In terms of PTSD, it was a lot of anxiety, a lot of nightmares,” she said. “And in terms of depression, it was that feeling of being completely alone and isolated, with that concern of Would someone be there for me if I got sick?”

We’re starting to hear reports from those quarantined that provide examples of that psychological distress. An Arizona man who self-quarantined (as in, voluntarily) after a missionary trip to Liberia is now getting threats from commenters on a local news website; they’re suggesting that his house should be burned down, he told the New York Times. That Times story also quoted the daughter of Duncan’s girlfriend, who told the reporter the realities of quarantine can range from the mundane (kids who won’t stop fighting) to the potentially unsafe (a broken refrigerator filled with rotting food). And Axl Goode, the exotic dancer and author potentially exposed to Ebola on an airplane, wrote this on Sunday:

I’m 26 years old and I could be dead in less than two weeks. This scares the hell out of me. Truthfully, my hands are shaking as I write this. I’m forcing myself to though, because it’s the easiest way for me to relieve tension and anxiety while getting the word out. I’m not panicking for myself anymore. I know I’ve done the best I can to protect those around me and my fate is out of my hands. But what about those I care about? What will this do to my mom, dad, and siblings?

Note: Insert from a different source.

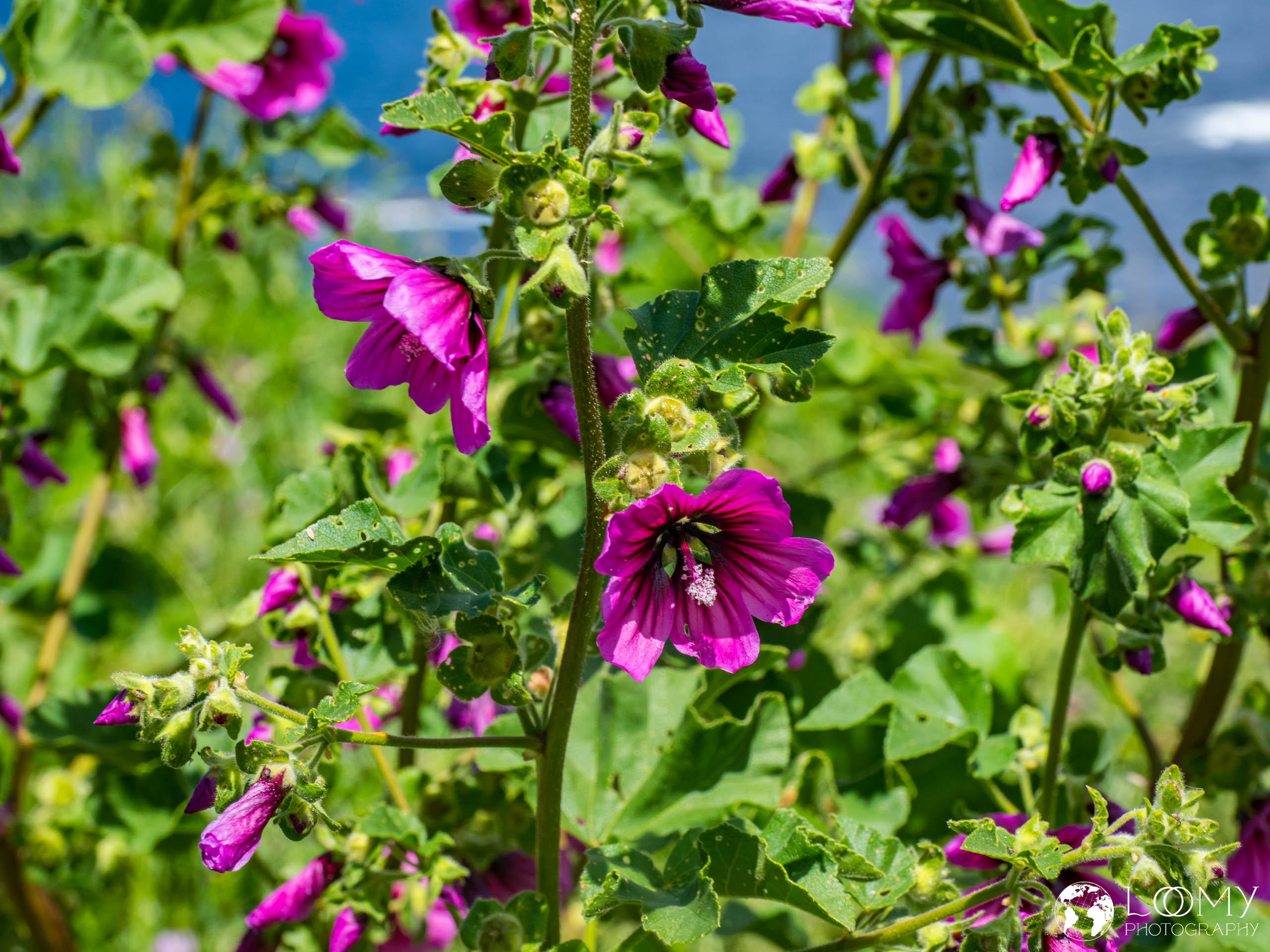 Baumförmige Strauchmalve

Goode wrote that message on his GoFundMe page, which he set up when he realized he’d be missing three weeks of work owing to the self-quarantine. Financial worries like that only add to the stress. In fact, in Hawryluck’s study, she found an especially strong association between lower income and higher psychological distress. 

And although Hawryluck didn’t formally follow up with the subjects in her study, she suspects that for many of them, the mental toll of isolation was long-lasting. “I can tell you anecdotally that a lot of people had a lot of lasting problems, emotionally,” Hawryluck said. “They had trouble returning to work, and some of them didn’t go back to work.”

To be very clear, Hawryluck is not arguing that health officials shouldn’t use quarantine to fight infectious diseases; in her paper, she writes that the main reason SARS was “successfully contained globally” was because of these quarantine measures. But she’s making the point that a person’s psychological health matters, too.

What could be done better? For one, psychologists or social workers could be made available, said Harry Hull, an infectious disease epidemiologist who was once the epidemic intelligence officer for the Centers for Disease Control and Prevention. Or it could be as simple as making sure the health worker who checks in with the quarantined is always the same health worker, so some sort of relationship could potentially be established, Hull said. (Science of Us contacted the CDC to ask what measures, if any, they take to ensure the psychological health of those under quarantine; we’ll update the post if we hear back.) “We’re so focused on — and rightly so — infection control measures. That’s crucial,” Hawryluck said. But it’s also vital to keep the mental health of these people in mind, she said. “We need to look after each other and care for each other better, and not just push someone out of the herd or out of the group.”